A new research paper from Northwestern University and the University of Kent claims that, on average, workers become more productive over their working life, as they’re able to learn by doing and accordingly should pay a higher rate of tax as they become older.
Using a model capturing the key features of the U.S. economy, researchers determined that the average tax rate paid by earners in the age bracket 45-65 should be 5% higher than the average tax rate paid by workers in the age bracket 20-44 in the United States.
The research advises that reforming the current U.S. tax code by adopting such tax differences across age brackets could bring welfare gains to each taxpayer equivalent to those brought in by a 4% increase in annual consumption throughout their entire work life.
Such gains are significant to warrant the consideration of policymakers and shape the debate on how to best reform existing tax codes in the U.S. and other developed economies.
“A reduction in the taxes levied on young earners paired, where necessary, with an increase in the taxes levied on older workers, may bring significant welfare gains,” said the paper’s co-author Alessandro Pavan, professor of economics at Weinberg College of Arts and Sciences at Northwestern.

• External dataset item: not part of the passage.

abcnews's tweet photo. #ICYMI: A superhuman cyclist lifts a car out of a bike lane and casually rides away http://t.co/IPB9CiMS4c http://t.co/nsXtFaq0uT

“This is because age-dependent taxes permit the government to generate tax revenues more efficiently by reducing the distortions in labor supply of those workers, the young, whose investments in human capital count the most. Furthermore, by incentivizing the young to work more to boost their productivity, the government can take advantage of a more productive population when the young turn old, collecting taxes from them in a less distortionary manner, which also brings non-negligible welfare gains.”
Miltos Makris, professor of economics at Kent and co-author of the paper said: “Our motivation was to understand the implications for the design of income tax code and the alleviation of inequality of taking into account that learning by doing is an important determinant of workers’ productivity.”
“Taxation under Learning by Doing” was published May 5 in the Journal of Political Economy.